日吉ミミの魅力を音源だけで味わうとしたら、うってつけのCDが出ている。2008年、デビュー40周年を記念して発売された企画もののベスト・アルバムで、タイトルは『THE昭和歌謡 日吉ミミ スペシャル』。THE昭和歌謡とは大きく出たものだが、この1枚に昭和歌謡曲の最良のエッセンスが詰め込まれているという意味では決して大げさなタイトルとも言い切れない。いわゆるヒット・アルバムではなく、隠れ名曲を中心に選曲したファン向けのベスト・アルバムであるところが味噌なのである。

最初の2曲はお馴染みの代表曲「男と女のお話」と「男と女の数え唄」。まずは一般的に知られている日吉ミミを聴いてもらおう、というわけでイントロダクションとしては最も適切な選曲。続く3曲目からが本番のプログラムとなる。

収録曲のうちシングルB面の曲が「むらさきのブルース」(1971年)、「あなたと私の虹のまち」(1972年)、「途中下車」(1973年)、「りんご」(1973年)、「捜索願」(1973年)、「男の耳はロバの耳」(1983年)、「雪」(1986年)、「未練だね」(1988年)の8曲。いずれも隠れ名曲と呼ぶに値するものだが、特に「りんご」は1度聴いただけで忘れられない感銘を残す傑作だ。
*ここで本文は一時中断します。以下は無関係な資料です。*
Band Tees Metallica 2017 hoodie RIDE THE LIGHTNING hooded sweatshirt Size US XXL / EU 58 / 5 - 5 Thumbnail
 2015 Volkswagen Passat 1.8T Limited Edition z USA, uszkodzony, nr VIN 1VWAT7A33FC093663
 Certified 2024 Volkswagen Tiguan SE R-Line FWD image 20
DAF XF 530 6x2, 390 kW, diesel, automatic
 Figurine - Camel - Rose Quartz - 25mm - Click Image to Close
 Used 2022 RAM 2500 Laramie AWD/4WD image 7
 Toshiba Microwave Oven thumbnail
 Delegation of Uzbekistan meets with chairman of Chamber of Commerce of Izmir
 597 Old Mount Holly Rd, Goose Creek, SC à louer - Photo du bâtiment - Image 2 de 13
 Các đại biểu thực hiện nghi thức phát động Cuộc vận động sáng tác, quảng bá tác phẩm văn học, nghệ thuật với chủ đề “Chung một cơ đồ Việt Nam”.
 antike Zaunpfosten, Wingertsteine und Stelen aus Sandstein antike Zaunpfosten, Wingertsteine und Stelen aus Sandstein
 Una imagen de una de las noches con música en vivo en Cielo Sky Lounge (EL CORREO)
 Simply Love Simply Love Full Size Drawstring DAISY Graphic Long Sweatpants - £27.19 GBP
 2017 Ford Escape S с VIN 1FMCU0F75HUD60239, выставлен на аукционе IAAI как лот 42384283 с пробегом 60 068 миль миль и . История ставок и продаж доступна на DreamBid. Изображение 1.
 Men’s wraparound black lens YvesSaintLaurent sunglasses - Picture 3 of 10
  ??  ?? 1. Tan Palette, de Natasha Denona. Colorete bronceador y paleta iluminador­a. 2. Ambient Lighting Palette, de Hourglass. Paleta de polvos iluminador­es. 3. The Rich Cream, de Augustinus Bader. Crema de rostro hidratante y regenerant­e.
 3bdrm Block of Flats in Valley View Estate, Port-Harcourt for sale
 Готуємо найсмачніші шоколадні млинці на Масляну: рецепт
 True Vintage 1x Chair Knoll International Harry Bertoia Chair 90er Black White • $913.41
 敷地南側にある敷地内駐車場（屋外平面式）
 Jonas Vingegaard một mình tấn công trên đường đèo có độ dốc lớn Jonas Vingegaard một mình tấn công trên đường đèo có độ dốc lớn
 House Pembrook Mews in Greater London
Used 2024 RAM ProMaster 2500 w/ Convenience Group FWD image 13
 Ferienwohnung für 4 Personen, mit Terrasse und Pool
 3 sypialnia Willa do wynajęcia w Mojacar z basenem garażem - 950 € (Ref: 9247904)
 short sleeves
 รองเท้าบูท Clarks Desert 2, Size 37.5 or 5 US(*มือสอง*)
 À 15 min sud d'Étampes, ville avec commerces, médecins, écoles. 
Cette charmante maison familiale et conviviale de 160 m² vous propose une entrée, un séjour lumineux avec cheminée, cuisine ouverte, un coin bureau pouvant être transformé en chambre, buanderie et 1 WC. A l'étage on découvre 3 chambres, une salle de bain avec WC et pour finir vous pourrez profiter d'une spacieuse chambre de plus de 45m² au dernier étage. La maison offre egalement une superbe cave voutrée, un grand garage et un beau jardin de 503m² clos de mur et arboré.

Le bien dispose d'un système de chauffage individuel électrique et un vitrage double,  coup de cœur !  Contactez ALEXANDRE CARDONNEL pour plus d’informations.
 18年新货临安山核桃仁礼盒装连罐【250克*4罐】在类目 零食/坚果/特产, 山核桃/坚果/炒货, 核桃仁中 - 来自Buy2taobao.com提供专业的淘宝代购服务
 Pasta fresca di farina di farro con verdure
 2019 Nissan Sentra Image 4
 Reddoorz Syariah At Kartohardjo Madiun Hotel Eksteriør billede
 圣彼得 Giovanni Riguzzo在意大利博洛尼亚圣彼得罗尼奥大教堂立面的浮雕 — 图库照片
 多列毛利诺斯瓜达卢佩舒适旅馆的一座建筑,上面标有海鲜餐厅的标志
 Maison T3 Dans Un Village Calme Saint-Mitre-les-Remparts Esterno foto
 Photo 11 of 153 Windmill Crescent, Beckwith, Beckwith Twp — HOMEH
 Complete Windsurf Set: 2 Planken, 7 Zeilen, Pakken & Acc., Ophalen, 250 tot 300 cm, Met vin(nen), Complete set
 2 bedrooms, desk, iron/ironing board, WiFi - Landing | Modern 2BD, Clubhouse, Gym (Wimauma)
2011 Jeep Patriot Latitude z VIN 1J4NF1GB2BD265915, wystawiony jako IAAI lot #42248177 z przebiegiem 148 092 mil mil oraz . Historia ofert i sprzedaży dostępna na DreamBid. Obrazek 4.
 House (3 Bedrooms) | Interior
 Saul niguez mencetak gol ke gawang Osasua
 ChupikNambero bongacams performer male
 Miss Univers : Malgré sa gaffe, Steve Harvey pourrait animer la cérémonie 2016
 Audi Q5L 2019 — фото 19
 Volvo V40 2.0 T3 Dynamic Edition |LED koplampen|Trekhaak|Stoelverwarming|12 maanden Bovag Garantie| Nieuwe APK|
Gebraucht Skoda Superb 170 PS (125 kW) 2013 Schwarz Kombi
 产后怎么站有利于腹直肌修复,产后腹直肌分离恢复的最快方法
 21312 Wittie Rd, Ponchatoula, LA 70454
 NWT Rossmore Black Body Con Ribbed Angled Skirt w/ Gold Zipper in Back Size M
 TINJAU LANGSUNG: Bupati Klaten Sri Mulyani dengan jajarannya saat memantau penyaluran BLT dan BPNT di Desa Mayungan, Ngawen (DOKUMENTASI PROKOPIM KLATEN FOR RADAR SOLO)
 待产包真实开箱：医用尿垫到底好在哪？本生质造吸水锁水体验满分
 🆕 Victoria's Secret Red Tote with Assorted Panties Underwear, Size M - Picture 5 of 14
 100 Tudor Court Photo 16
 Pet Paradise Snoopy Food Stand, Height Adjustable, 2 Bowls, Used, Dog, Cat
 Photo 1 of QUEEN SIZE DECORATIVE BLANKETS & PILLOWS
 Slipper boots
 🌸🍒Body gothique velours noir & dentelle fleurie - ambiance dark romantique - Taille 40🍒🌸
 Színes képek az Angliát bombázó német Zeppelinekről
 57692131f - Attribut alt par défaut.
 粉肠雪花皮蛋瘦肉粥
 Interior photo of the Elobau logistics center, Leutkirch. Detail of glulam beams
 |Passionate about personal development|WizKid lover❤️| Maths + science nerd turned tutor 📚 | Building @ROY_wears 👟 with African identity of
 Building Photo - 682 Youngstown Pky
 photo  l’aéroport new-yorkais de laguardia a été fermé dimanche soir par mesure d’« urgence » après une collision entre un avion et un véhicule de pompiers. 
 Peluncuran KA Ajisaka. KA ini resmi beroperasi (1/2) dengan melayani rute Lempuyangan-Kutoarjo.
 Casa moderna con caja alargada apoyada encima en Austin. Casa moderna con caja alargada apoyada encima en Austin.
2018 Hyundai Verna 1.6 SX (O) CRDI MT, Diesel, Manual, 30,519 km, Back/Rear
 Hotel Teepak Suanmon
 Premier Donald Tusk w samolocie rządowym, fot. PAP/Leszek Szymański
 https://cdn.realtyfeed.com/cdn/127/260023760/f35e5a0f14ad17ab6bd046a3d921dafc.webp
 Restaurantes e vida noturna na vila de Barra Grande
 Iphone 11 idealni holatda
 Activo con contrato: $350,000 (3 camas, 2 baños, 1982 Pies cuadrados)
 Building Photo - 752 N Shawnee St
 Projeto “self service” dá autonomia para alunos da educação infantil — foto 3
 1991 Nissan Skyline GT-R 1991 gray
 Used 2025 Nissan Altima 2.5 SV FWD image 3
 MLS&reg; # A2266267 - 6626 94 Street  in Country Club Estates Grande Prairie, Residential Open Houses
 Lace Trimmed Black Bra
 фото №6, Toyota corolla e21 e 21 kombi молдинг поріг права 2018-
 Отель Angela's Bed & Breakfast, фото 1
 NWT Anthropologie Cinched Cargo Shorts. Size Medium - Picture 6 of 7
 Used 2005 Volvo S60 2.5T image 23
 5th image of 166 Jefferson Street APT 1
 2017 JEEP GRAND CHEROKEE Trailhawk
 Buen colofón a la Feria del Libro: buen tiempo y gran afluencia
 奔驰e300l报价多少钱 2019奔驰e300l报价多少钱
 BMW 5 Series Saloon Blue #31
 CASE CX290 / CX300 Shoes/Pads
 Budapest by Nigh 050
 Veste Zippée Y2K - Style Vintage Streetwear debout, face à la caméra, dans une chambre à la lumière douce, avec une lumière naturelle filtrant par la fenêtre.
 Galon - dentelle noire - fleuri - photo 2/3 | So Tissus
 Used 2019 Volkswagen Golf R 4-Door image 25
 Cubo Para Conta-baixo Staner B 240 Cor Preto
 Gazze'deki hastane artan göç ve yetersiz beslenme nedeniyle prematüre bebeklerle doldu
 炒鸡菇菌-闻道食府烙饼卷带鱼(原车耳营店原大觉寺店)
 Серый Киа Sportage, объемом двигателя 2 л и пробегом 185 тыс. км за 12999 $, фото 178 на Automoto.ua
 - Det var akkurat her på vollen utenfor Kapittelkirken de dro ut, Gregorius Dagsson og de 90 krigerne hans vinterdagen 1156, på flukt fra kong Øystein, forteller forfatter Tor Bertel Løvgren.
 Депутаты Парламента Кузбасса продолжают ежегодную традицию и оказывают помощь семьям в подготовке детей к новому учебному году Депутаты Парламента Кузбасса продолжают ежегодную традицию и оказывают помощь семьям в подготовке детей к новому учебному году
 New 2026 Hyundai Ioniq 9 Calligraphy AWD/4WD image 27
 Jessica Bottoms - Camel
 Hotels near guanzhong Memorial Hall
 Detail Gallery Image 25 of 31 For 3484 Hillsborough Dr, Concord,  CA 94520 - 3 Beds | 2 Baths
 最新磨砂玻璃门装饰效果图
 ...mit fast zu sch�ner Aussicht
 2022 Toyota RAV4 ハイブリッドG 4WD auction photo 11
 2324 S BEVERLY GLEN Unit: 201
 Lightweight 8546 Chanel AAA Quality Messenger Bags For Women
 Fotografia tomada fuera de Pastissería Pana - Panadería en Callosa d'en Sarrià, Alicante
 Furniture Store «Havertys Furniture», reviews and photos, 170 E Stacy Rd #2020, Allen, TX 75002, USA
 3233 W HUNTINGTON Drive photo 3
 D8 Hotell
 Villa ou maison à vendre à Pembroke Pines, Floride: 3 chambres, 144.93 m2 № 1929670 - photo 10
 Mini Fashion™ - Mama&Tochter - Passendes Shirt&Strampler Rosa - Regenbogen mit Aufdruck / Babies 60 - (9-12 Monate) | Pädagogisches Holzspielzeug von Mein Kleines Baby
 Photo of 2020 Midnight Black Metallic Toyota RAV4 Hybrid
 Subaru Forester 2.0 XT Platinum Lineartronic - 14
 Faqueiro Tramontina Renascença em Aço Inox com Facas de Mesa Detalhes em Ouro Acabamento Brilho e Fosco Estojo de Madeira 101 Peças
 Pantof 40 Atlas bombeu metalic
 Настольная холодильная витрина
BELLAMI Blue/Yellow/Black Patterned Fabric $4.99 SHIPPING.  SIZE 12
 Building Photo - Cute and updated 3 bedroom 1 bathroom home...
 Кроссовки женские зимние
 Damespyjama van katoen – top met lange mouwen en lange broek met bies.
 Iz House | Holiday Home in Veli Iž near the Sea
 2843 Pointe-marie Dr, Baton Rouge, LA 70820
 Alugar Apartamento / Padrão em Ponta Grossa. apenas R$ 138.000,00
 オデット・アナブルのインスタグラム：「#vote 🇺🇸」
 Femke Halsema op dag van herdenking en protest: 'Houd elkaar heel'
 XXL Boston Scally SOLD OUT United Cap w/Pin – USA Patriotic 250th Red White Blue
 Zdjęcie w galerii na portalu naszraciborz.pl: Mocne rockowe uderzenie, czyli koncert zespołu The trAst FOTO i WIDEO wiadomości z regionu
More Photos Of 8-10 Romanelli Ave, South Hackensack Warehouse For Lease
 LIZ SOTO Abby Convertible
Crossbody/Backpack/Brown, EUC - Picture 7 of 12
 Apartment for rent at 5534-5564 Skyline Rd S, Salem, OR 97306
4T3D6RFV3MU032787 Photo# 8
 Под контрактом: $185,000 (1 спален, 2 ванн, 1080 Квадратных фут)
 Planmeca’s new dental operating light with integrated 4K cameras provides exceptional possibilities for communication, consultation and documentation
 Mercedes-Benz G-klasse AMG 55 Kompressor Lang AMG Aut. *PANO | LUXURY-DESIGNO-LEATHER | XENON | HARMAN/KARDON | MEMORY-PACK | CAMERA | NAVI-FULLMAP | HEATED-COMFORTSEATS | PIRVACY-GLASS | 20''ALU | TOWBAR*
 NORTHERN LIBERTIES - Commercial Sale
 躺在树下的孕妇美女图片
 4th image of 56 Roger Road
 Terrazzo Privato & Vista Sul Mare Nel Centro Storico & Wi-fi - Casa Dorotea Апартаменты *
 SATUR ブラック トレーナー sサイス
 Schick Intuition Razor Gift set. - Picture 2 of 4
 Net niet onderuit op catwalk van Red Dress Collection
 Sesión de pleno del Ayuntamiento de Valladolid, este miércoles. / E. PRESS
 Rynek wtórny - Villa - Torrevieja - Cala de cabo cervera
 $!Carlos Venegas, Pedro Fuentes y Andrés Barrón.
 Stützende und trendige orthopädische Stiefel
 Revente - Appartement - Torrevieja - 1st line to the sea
ある日、幼い女主人公はあまりにお腹がすいていたので、1個のりんごを盗んでしまう。そのために悪い娘だと折檻され、お寺に追いやられる。すでに実の母は亡くなっており、継母にも疎ましくされていたのだろう。その後「不良少女」のレッテルが貼られ、あちこちの親類にたらい回しされる日々が続く。淋しさからタバコも覚え、男性遍歴も繰り返していく。しかし男運も悪く、財産はすべて持っていかれ一文無しの身に。「赤いりんご1個で、私の人生は終わった・・・」

まさに不幸を絵に描いたような女の一生。普通の歌手が歌えば暗すぎて聴いていられなくなるところだが、日吉ミミのハイトーン・ヴォイスで聴くと、不幸な中にもどこか救いがあり、それでいてなんともいえない哀愁が漂ってくる。まさしく「人生の裏街道」を歌うために生まれてきたような唯一無二の個性がここにある。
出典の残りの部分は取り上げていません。